Today, the Westbury resident’s writing roster includes 23 nonfiction books, including one on the history of Westbury and several for young readers. His works can be found in libraries in all 50 states, and have been translated into five languages.
Many of Panchyk’s books are historical nonfiction and cover a variety of topics including Long Island history, New York City history, World War II and Galileo. In 2007, he published A History of Westbury which explores the transformation of the village from its agricultural start.
Panchyk says he got the idea to write a book about Westbury’s history around the time of the 75th anniversary of the incorporated village.
“I realized that nobody had written a book about Westbury. I thought it would be interesting, considering all the people that live here or have lived here,” he said. “I like to pick topics that I think can add something to what’s out there, to do something different that would add value.
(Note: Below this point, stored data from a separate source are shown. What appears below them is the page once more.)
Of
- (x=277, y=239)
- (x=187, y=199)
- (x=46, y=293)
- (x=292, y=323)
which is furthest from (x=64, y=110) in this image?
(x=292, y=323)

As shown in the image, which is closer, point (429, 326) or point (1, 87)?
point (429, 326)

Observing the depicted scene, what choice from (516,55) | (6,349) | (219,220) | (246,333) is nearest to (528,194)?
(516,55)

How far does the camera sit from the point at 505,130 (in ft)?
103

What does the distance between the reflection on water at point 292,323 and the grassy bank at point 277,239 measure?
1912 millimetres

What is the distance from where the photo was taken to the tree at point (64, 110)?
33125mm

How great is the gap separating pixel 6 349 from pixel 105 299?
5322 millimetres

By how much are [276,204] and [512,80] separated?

I don’t want to write a book about something that’s been covered many times.”
Through his research, Panchyk found out about Westbury’s Quaker roots, which can still be evidenced by one of the buildings at the Quaker Friends Meeting House on Jericho Turnpike which dates back to the mid-19th century. He found several buildings in the village that date back to the 1800s, including a few homes and buildings on Post Ave. He also found out that Post Ave. was once a pit stop for a famous figure.
“Charles Lindbergh came to Post Ave. for refreshments when he was training for his flight across the Atlantic,” says Panchyk. “It was at the pharmacy across from the Space.”
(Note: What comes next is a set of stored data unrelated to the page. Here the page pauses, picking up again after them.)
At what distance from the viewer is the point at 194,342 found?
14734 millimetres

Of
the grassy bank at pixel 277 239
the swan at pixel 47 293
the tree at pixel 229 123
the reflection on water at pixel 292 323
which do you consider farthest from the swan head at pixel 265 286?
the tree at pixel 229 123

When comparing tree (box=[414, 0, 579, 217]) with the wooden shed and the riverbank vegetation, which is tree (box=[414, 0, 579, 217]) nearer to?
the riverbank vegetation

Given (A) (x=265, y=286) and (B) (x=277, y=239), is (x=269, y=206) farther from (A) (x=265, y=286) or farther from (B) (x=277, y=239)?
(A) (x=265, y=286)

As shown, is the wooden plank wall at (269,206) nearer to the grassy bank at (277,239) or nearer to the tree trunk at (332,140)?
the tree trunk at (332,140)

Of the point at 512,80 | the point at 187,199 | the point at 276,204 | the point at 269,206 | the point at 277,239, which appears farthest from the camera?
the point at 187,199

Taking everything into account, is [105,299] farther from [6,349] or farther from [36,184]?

When researching for a book, Panchyk immerses himself in the topic, looking everywhere from library databases, to garage sales (where he once found old letters), for interesting information.
He also gets a lot of information from people relevant to the subject. For a book on the Supreme Court, he talked to lawyers as well as participants in major court cases, and for an upcoming book on the history of baseball, he talked to former baseball players. He’s also interviewed Kurt Vonnegut, Rudy Giuliani, Mario Cuomo to Ralph Nader and more than 500 others for his books.
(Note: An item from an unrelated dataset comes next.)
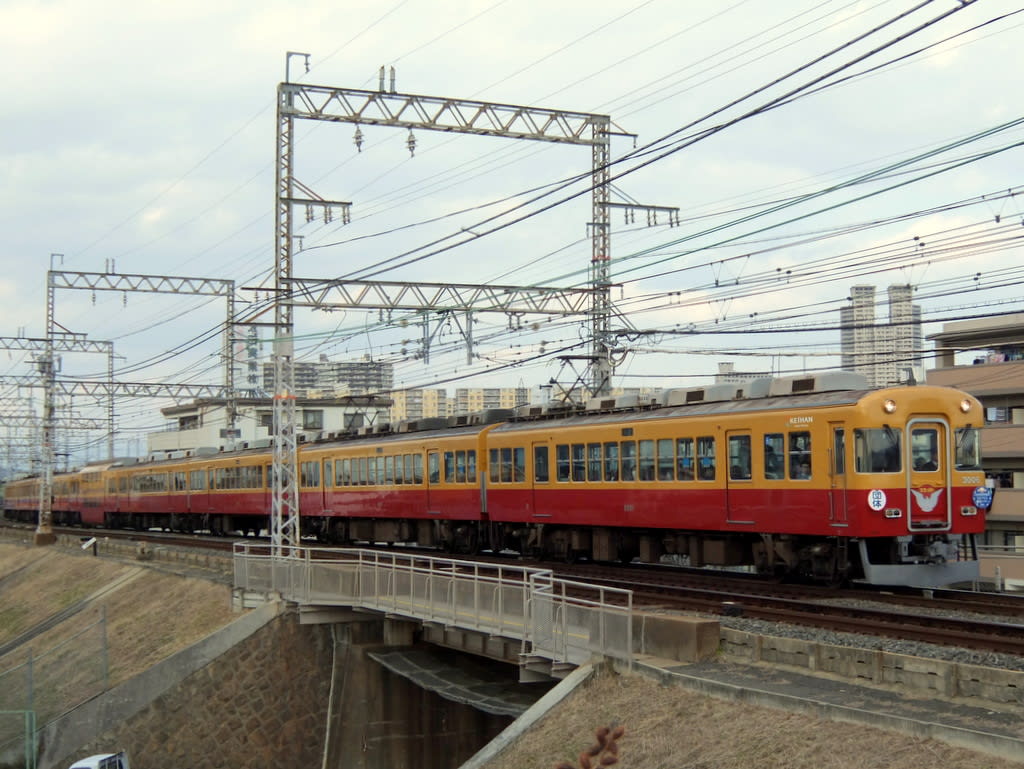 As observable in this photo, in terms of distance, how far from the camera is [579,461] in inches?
900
“It’s always a thrill to interview someone who’s played a major role or done something you admire,” Panchyk said.
Filled with firsthand accounts, interesting facts and pictures, Panchyk’s books make history engaging for readers of all ages.
“Today is tomorrow’s history. The present is going to be the past, and every day is going to be history. There’s a lot of lessons to be learned and comparisons to be made to how we live today,” Panchyk says. “And history contains a lot of surprises.”
Panchyk’s love of reading nonfiction as a child also encouraged him to write several books for young audiences, including Galileo for Kids, Archaeology for Kids, American Folk Art for Kids and the bestselling, World War II for Kids.
Panchyk is currently working on a book about the history of baseball, which is expected to come out Spring 2015. He will be the guest speaker at the Westbury/Carle Place Chamber of Commerce meeting on Feb. 25. Find out more about Panchyk and his books at www.panchyk.com.